● **Data extracted from a collection**:
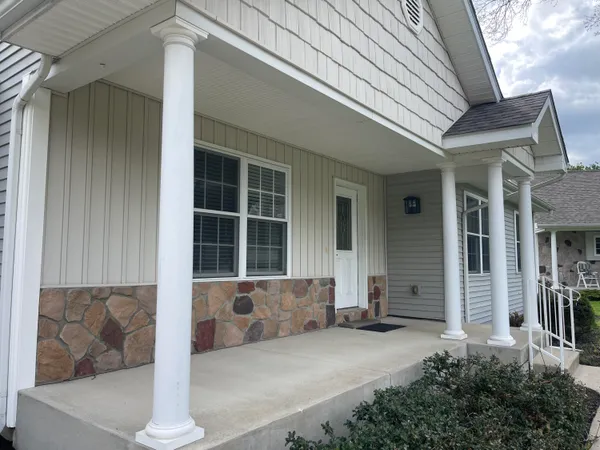 $274,900 | 113 Beacon Ridge Drive, Battle Creek, MI 49017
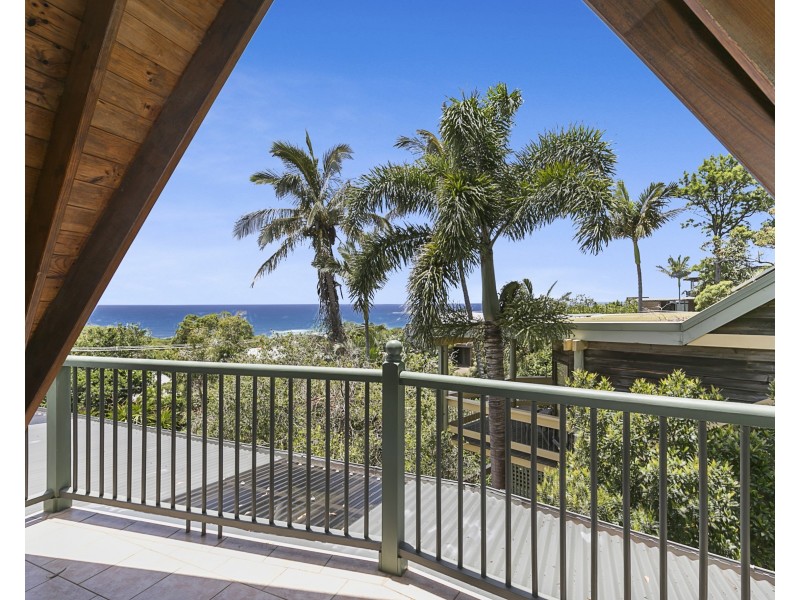 4 Merinda Crescent, Point Lookout QLD 4183
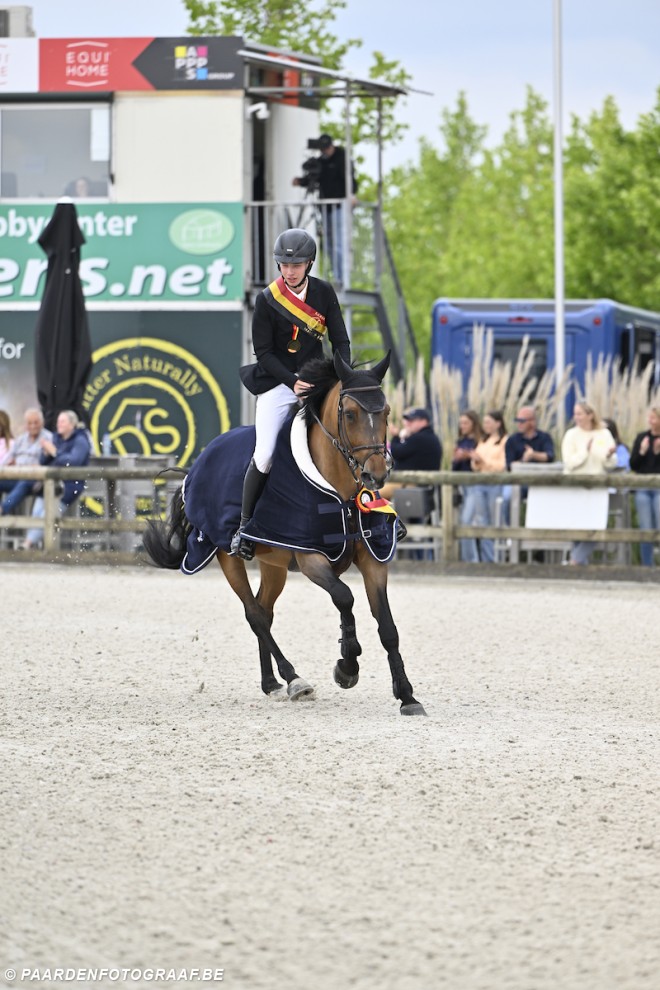 Belgische springruiters schitteren opnieuw: verrassende podiumscores in Rouen!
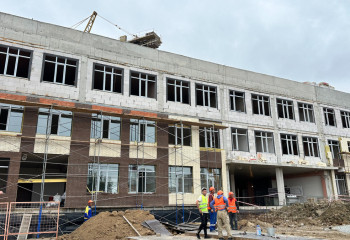 Роман Скляр проверил работы по строительству комфортной школы в Петропавловске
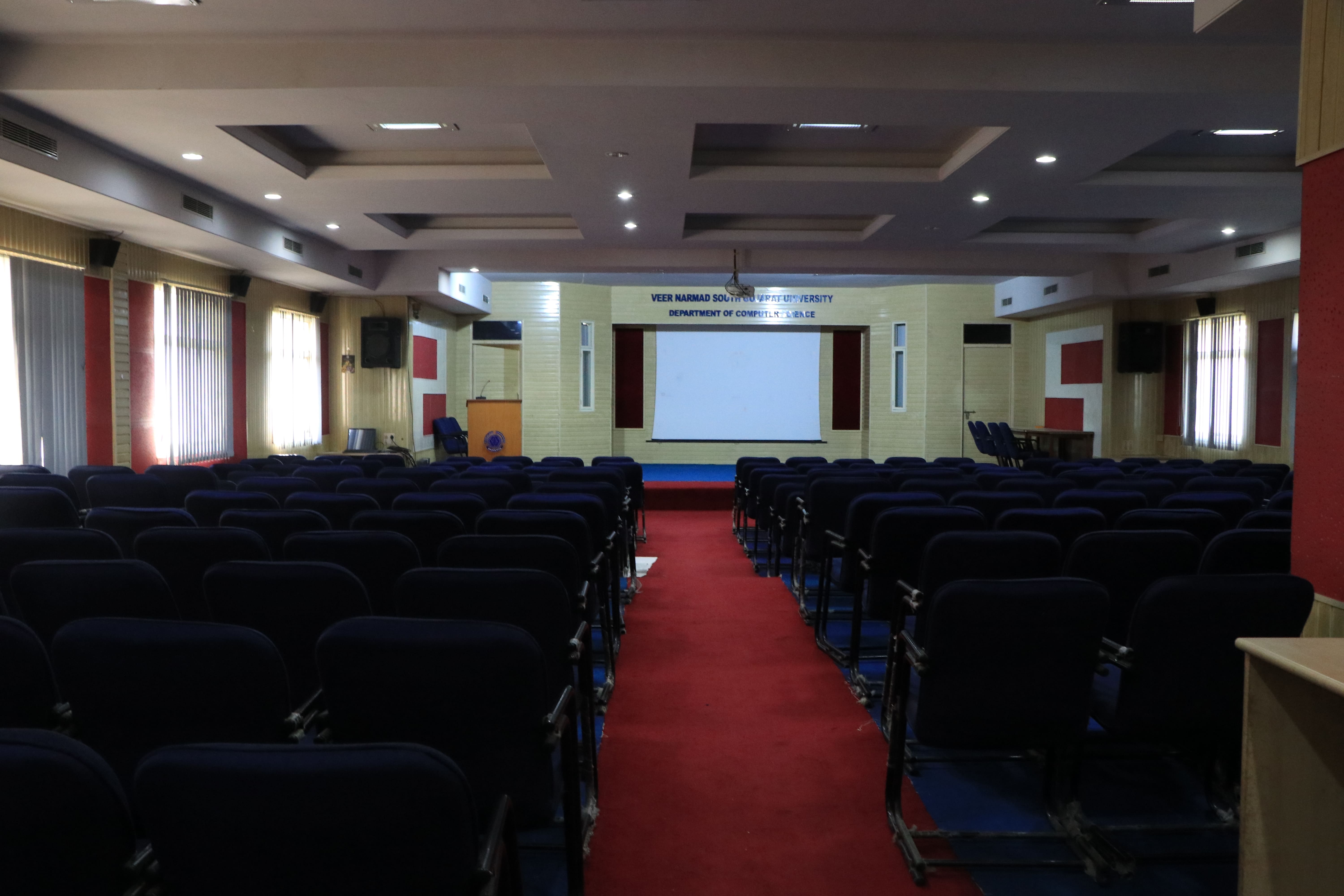 AUDITORIUM 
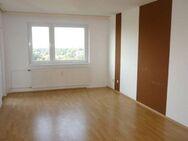 Uetersen Zentrum 3,5 Zimmer + Küche, Wannenbad, Balkon, Aufzug, Stellplatz - Uetersen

● **EXERCISE DETAILS**: Transcribe all data precisely. Pictures are not copied.

● **WRITTEN RESPONSE**:
 $274,900 | 113 Beacon Ridge Drive, Battle Creek, MI 49017
 4 Merinda Crescent, Point Lookout QLD 4183
 Belgische springruiters schitteren opnieuw: verrassende podiumscores in Rouen!
 Роман Скляр проверил работы по строительству комфортной школы в Петропавловске
 AUDITORIUM 
 Uetersen Zentrum 3,5 Zimmer + Küche, Wannenbad, Balkon, Aufzug, Stellplatz - Uetersen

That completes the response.